The left-brainer checks for toothpaste before brushing. The right-brainer runs water over his brush, assuming the paste is right where he left it. “Okay, who moved my toothpaste? That expensive stuff is just for me!” Maybe he’ll find it; maybe he’ll use salt for paste and go to bed.
Yes, I’m a right-brained unofficially; my spouse is a mixture; some of my grandchildren have been labeled with attention deficit disorder. Adults in the family run rampant with diagnosed or undiagnosed compulsive disorders or Adult Attention Disorder. I once failed or passed a test to figure me out. The medication made me nauseated. I’m not giving up food for any problem that’s legal.

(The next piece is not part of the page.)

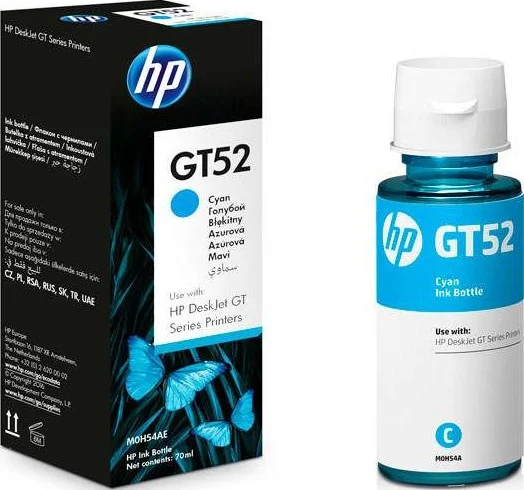 بطری جوهر اصلی فیروزه ای HP GT52 | M0H54AE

Back at the group meeting of the teachers, from the crowd came a voice, “I want to see Brown’s sheet and Lundy’s.” (Brown taught science subjects in a sterile room, and I taught English IV in a decorated room of posters, quotes, and had a monthly bulletin board with photos.)

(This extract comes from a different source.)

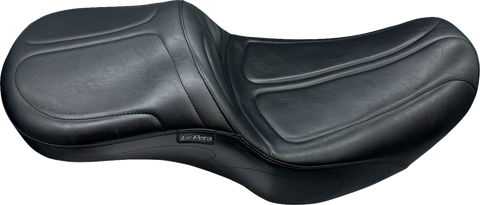 Maverick Daddy Long Legs Seat - Without Backrest - Black - FLH/FLT &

We both held our papers or analyses up for all to see. Raucous laughter rocked the room. Brown’s paper was solidly penciled in on the left; mine on the right. A woman who spoke several languages and could teach multiple subjects was asked to hold her page up. Numbered blocks were distributed evenly on both sides of her “brain.”
Never did I forget that day. There were reasons for my unusual creativity, disorder or lost items. I’d like to be different in some ways, but how? I am what I am.
Brown could not walk by my room without a shudder. If he saw a speck of paper on concrete and then later the tile, still later the carpet on our floors, he had to pick it up.
Brown’s stacks on his desk were “even-stephen” all around. No frills greeted the student. Too many met mine. I wanted the students interested and stimulated for learning. The left-brainers I know don’t ever consider changing.